──────── DATA RECORDS
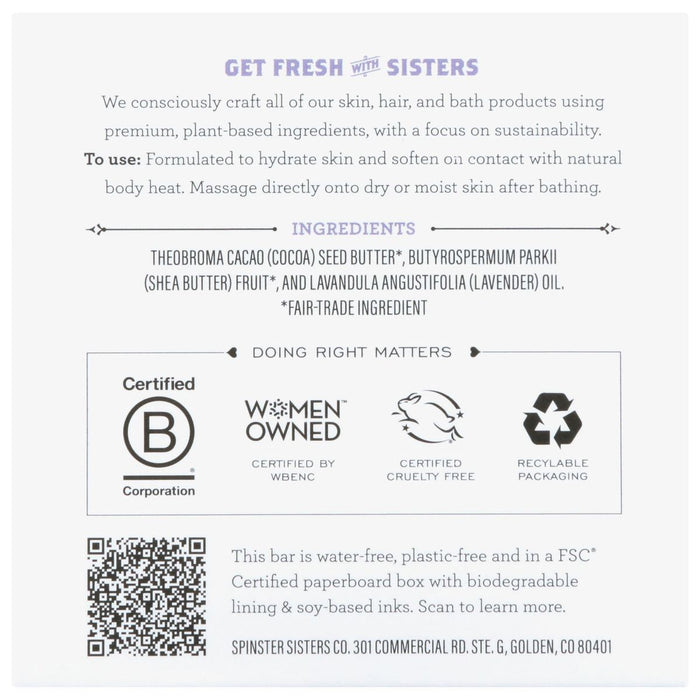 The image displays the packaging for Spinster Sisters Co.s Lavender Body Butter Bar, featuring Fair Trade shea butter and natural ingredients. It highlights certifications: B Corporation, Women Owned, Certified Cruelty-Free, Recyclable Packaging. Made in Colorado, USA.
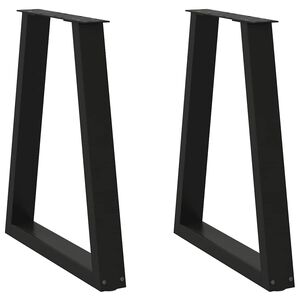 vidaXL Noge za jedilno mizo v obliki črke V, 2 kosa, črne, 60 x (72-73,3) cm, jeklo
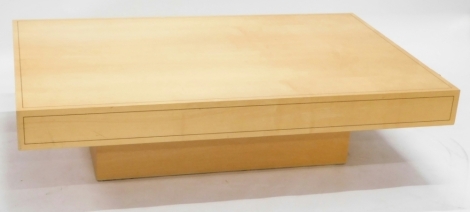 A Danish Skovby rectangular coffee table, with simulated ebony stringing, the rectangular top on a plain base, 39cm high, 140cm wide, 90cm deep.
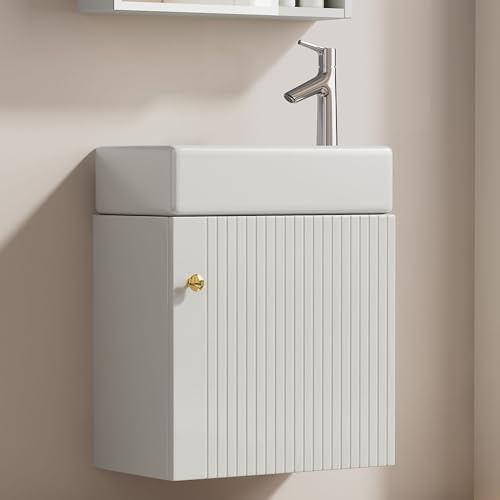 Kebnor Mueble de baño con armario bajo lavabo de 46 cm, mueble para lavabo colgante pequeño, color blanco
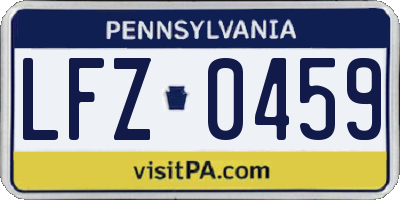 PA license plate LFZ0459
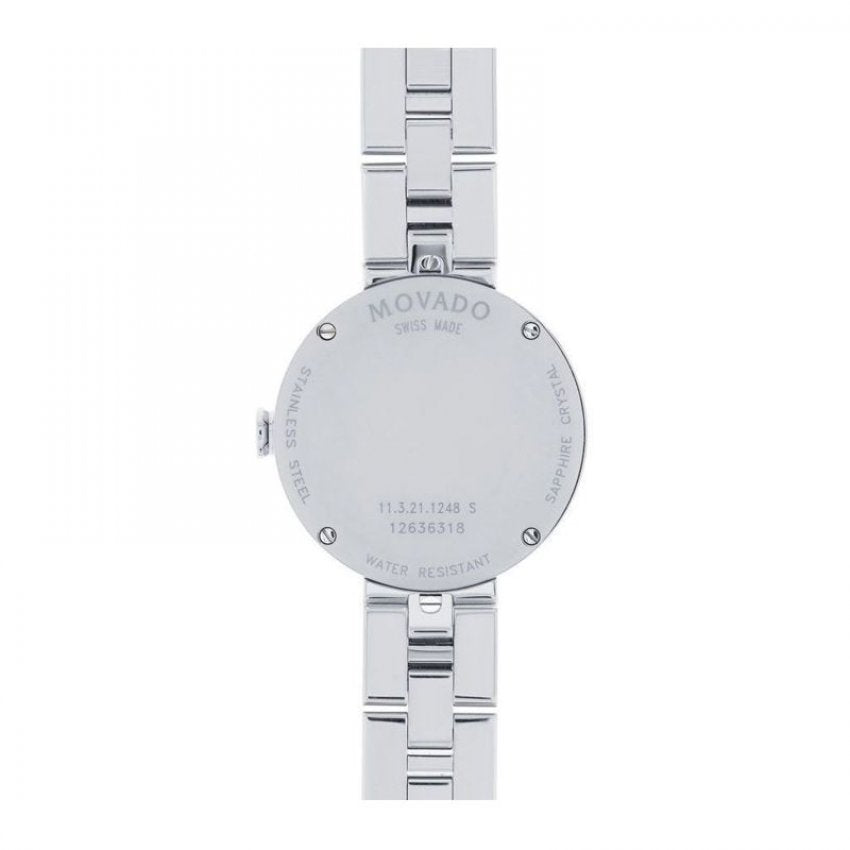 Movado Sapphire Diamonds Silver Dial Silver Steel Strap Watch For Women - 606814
────────────────
# ABOUT THIS EXERCISE
Pictures aside, reproduce the listing above exactly.

# RESULT
 The image displays the packaging for Spinster Sisters Co.s Lavender Body Butter Bar, featuring Fair Trade shea butter and natural ingredients. It highlights certifications: B Corporation, Women Owned, Certified Cruelty-Free, Recyclable Packaging. Made in Colorado, USA.
 vidaXL Noge za jedilno mizo v obliki črke V, 2 kosa, črne, 60 x (72-73,3) cm, jeklo
 A Danish Skovby rectangular coffee table, with simulated ebony stringing, the rectangular top on a plain base, 39cm high, 140cm wide, 90cm deep.
 Kebnor Mueble de baño con armario bajo lavabo de 46 cm, mueble para lavabo colgante pequeño, color blanco
 PA license plate LFZ0459
 Movado Sapphire Diamonds Silver Dial Silver Steel Strap Watch For Women - 606814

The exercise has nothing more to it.